どちらかの親が小言を控えるだけでも、子どもはかなりリラックスできます。それよりも、この質問には別の意味があると長年の面接を通して私は感じています。
「相手を変えようとすること」への依存
今まで、子どもにいろいろと指示をしてきたのをやめると、今度は、パートナーの行動に不満が出てくる。こういう気持ちになる背景には、小言を言うこと、つまり「相手の行動を自分の思う通りに変えようとすること」への依存症のようなものがあると思います。あら探しの視点はずっとやり続けてきたので発達しているけれど、相手のことをとりあえず受け入れる力や、適当に受け流す力は育っていない、とも言えます。
そこで、パートナーに「小言を言わないで」と言いたくなったら、「自分はまた相手を変えようとしているんだ」と意識するようにしてみましょう。
これには他の理由もあります。相手を変えることは簡単にはできませんが、自分を変えるのは自分がそう思いさえすれば、たった今からでも可能です。
相手ではなく自分を変える
しかし、これは一部の人にはとても難しいことのようです。「子どもが間違っているから、親として正しいことを教えようとしているのに、なんでそれを辛抱しなければならないのか?」、「自分が辛抱しても、夫が(妻が)それを台無しにしている。自分だけが努力しても無駄じゃないか」。このような不満が必ずのようにでてきます。相手を変える方法を相談しに来ているのであって、自分を変えたいのではない、というわけです。

私は、今までそういうやりかたでやってきて、うまくいかないから専門家に相談にこきたのだから、勇気を出してやってみませんか、と提案します。
子どもやパートナーのしていることの、どこが間違っているか、それをどうやったら正しく直せるのか。そういうことに囚われてしまっている自分の心を意識するのです。
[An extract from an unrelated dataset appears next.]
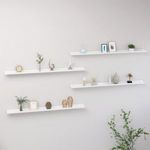 4 db magasfényű fehér fali polc 115 x 9 x 3 cm fotó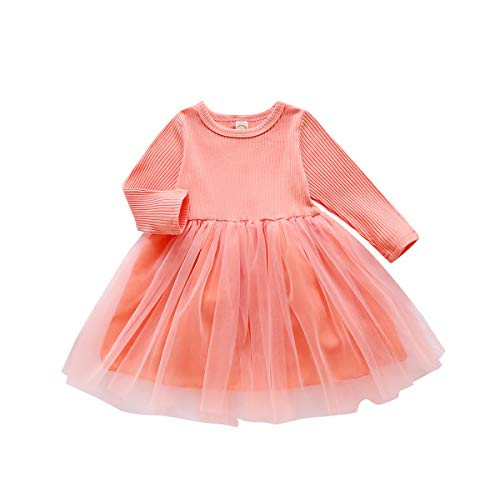 Toddler Baby Girls Clothes Long Sleeve Polka Dot Multilayer Tulle Tutu Dress Party Birthday Dress Fall Outfits -Pink-Solid Color  3-4T-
1年もやる必要はありません。一ヶ月ぐらい、いや一週間でも本気でやってみる。それで十分効果は得られます。小言を言わずにいられる力はそれで十分育ちます。それだけではありません。子どもの、もしくはパートナーの意外なところ、やさしさやかしこさ、たくましさ(生きる力)などを、あらためて発見するはずです。それは、これまでのあら探しの視点では見えなかったものです。
多くの人は、自分が親から言われた小言を、そして親のあら探しの視点を、知らぬ間に受けついでしまっています。そして、今度は子どもにそれをそのまま渡そうとしています。その悪循環から離脱することは、自分自身の力で親の悪影響を乗り越えるという達成、解放感もたらします。